Further, the filtration in step 3 takes a polypropylene filter membrane with a pore diameter of 220nm as a substrate.

Further, the airing temperature in the step 3 is room temperature.

The composite film material with high heat conductivity and water transmission is applied to a solar evaporator.

The technical effects of the invention are as follows:

1) the composite film material prepared by the invention has a compact layered structure, the compact packing of graphene nanosheets is utilized to realize the rapid inward transfer of surface layer photo-induced heat, the compact packing of the graphene nanosheets can promote the efficient heat transfer quantity in the film, the high heat conductivity is obtained at room temperature, and the heat conductivity can reach 614W m at room temperature^-1k^-1(ii) a At the same time, since the cellulose itself has 5 to 15The diameter of nm forms a supporting effect between graphene sheet layers to form a hydrophilic pore channel with a nano size, so that water molecule nano fluid is formed conveniently, and the rapid transfer and the heated evaporation of water molecules are promoted.
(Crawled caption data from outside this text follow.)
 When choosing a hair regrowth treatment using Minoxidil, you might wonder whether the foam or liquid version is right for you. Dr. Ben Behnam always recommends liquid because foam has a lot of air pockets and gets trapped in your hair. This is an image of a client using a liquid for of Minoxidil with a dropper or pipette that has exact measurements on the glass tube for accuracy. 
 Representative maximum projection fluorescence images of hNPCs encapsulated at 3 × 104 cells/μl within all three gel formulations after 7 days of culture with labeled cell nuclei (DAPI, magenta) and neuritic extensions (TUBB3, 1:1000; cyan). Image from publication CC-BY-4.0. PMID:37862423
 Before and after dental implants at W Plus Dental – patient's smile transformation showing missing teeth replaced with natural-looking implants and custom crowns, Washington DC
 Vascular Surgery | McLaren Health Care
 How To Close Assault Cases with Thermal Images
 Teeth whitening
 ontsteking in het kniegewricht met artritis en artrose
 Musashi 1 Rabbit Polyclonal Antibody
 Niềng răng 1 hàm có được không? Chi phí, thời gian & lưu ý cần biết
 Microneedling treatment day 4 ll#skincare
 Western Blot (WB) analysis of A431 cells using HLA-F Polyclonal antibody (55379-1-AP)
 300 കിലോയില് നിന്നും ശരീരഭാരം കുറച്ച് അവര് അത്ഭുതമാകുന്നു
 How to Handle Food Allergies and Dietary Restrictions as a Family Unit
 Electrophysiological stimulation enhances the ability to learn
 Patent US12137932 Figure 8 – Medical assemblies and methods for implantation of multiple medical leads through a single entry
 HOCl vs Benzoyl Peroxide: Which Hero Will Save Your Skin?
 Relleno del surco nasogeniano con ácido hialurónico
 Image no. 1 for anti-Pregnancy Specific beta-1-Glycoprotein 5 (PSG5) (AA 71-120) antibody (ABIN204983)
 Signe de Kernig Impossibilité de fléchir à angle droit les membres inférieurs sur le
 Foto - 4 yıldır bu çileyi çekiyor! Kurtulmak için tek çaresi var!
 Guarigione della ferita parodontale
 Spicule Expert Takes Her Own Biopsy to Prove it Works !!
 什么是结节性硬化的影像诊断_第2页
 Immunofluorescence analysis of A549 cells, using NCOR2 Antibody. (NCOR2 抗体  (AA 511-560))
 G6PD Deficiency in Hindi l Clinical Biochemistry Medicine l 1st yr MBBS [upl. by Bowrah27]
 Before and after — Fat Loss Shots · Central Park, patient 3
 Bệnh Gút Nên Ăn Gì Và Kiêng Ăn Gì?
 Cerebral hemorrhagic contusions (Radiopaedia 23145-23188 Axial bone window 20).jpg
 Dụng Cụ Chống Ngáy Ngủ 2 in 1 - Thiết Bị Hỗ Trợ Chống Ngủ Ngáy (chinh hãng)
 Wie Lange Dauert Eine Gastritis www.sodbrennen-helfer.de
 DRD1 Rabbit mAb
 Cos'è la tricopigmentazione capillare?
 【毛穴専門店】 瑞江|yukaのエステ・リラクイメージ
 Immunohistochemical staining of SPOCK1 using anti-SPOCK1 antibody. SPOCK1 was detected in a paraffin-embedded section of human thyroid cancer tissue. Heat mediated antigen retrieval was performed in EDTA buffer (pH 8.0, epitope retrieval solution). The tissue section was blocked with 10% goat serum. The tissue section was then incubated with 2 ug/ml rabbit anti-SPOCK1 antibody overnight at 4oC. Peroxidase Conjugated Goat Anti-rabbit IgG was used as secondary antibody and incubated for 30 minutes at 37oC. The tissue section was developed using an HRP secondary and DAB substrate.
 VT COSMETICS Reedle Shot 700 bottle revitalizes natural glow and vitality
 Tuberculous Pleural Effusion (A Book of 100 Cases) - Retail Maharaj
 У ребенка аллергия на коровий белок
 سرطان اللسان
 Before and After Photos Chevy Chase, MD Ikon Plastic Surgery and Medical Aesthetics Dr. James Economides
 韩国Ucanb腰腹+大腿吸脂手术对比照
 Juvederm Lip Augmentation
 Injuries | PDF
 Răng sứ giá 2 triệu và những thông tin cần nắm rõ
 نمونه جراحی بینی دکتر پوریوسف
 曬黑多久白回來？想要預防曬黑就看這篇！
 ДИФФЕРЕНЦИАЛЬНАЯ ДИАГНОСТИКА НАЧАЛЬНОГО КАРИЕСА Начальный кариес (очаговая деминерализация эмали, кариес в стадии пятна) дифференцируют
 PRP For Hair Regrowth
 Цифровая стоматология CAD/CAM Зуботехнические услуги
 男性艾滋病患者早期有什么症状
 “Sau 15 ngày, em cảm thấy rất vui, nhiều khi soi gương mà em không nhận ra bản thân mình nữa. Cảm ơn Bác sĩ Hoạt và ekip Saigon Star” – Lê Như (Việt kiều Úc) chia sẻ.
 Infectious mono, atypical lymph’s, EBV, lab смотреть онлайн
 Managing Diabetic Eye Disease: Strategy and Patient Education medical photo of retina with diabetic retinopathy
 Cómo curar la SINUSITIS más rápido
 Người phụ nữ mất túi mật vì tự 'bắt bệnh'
Sunlight with light intensity of 1 time (1KW m)^-2) Under the condition, the evaporation efficiency of water can reach 1.47kg m^-2h^-1The evaporation rate is 4.51kg m under 3 times of sunlight intensity^-2h^-1And the evaporation efficiency is kept at 95 percent, so that the material is an extremely excellent photo-thermal water evaporation material.

2) The raw materials are commercial products based on natural species, the price is low, the composite material is simple to operate, and no toxic or harmful substances are involved.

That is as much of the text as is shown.